With two days left before his much-anticipated "fight of the century" with the undefeated American Floyd Mayweather, Filipino boxing superstar Manny Pacquiao has become as ubiquitous as the air in this archipelago of 7,100 islands.

A tourist can be forgiven for mistaking Pacquiao as the Philippines president, and that "RP" stands for the Republic of Pacquiao.

The man's bearded face is on billboards looming high over highways, advertising everything, from deodorants and phone cards to bank loans, motorcycles and cars.

He is on T-shirts, baseball caps, jackets, boxing gloves, US$565 (S$744) vinyl dolls and 500,000 postage stamps.

Theatres have been screening Kid Kulafu, a film about the 36-year-old Pacquiao, titled after his old monicker when he was just a backwoods boxer few people knew.

On television, he is on every commercial break advertising products by any company that can afford a piece of him.

A music video he released two weeks ago - Pacquiao dabbles as a singer, actor, professional basketball player, and a politician in his spare time - is being looped constantly by the major TV networks.

In it, he sings the song he'll be marching to as he makes his way to the ring to face Mayweather: "Lalaban ako para sa Pilipino, I will fight for the Filipino."

On both traditional and new media, Pacquiao's months-long preparation for his May 3 date with Mayweather is being covered like a tectonic-shifting historic event.

A small army of journalists from the Philippines have been following him since he left for Los Angeles a month ago, with the top-selling Philippine Daily Inquirer saying it has dispatched its "dream team" of editors and sports reporters,

There are morsels of news about him on TV by the hour, about where he ate, what he ate, when he jogged, who he jogged with, where he went, who came to see him practising, what he sang, what he preached to his hangers-on.

Even his nine-year-old Jack Russell terrier, Pacman, is getting its share of publicity, with the Inquirer serving to its over 300,000 readers a day-in-the-life photo spread about the spunky canine.

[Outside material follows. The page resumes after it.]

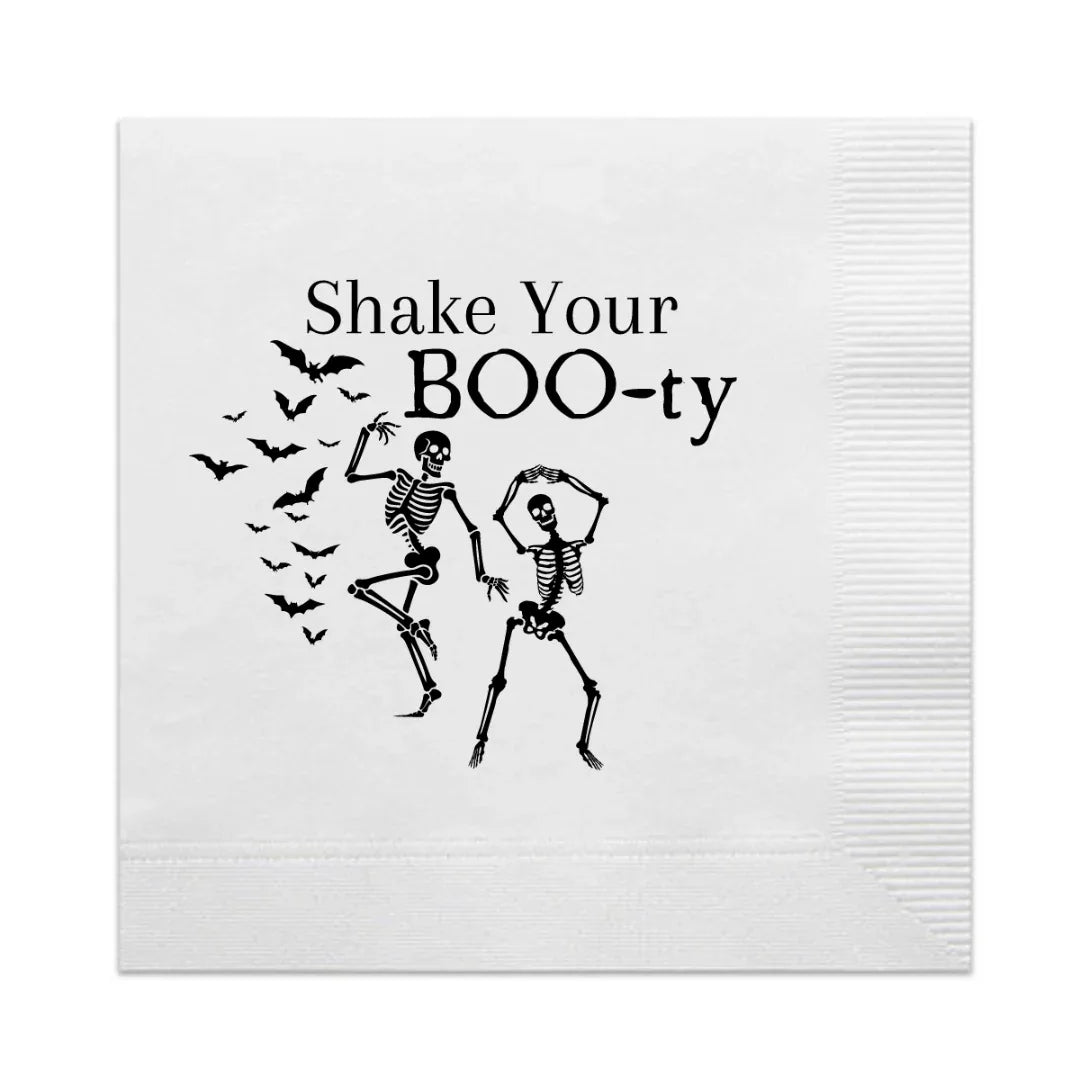 Shake Your Boo-ty Cocktail Napkins Cocktail Napkins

Online, a search for "Pacquiao-Mayweather" yields over 57 million results. Facebook timelines are as saturated as newspapers with bits and pieces about Pacquiao.

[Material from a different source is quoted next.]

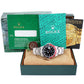 MINT Rolex GMT-Master II Coke Red Black Steel 16710 40mm Watch Box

Memes abound, with one showing a photo of a mom-and-pop restaurant offering free "paper" view of the upcoming boxing spectacle.

On Twitter, there is an abundance of trending hashtags: #sugodmanny (forward, Manny), #oneforpacman, #pacmay, #pacmanmayweather.

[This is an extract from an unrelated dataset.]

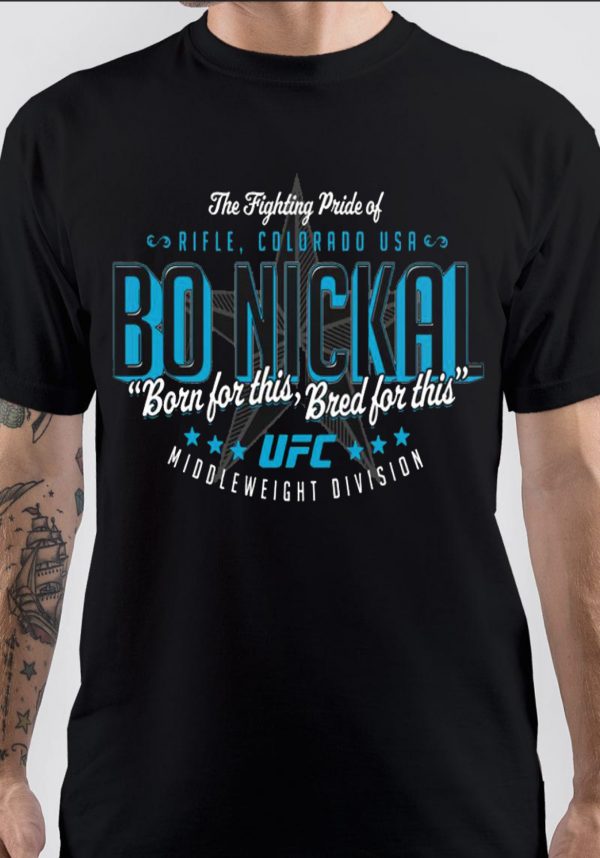 UFC BO NICKAL STAR T-Shirt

It is everything that Pacquiao represents that feeds the adulation. Short, stocky and mahogany brown with a rogue's mischievous eyes and grin, he is the quintessential, karaoke-loving, macho Filipino.

"He is the ideal aspirational model for ordinary Filipinos, the underdog who, through perseverance, manages to make it to the different portals of power: cultural, political, economic," pop culture expert Rolando Tolentino, of the University of the Philippines, told The Straits Times.

Even Pacquiao's past faults have never been a liability. There had been tales about his womanising and gambling, vices that a largely patriarchal population regards as what makes a real man.

Pacquiao has also reinvented himself into a born-again Christian, after his wife threatened to file for separation, earning for him the respect of a religious crowd normally queasy over the brutality of boxing.

That he has remained devoted to his mother, and even forgiving to a lout of a father who ate his pet dog, makes him endearing to a nation that prizes filial affection.

Boxing analyst Ed Tolentino predicts that the "intangibles" that Pacquiao brings with him because of what he has gone through will carry him through on Sunday.

"On paper, Mayweather can win it handily, but I like the heart and resiliency of Manny Pacquiao. The power, the heart," he said.

On Sunday May 3, the Pacquiao fever that has gripped the Philippines will peak. Over 100 million people gather around their TVs, and in cineplexes, pubs, public parks, stadiums and auditorium to cheer for Pacquiao, their Cinderella man.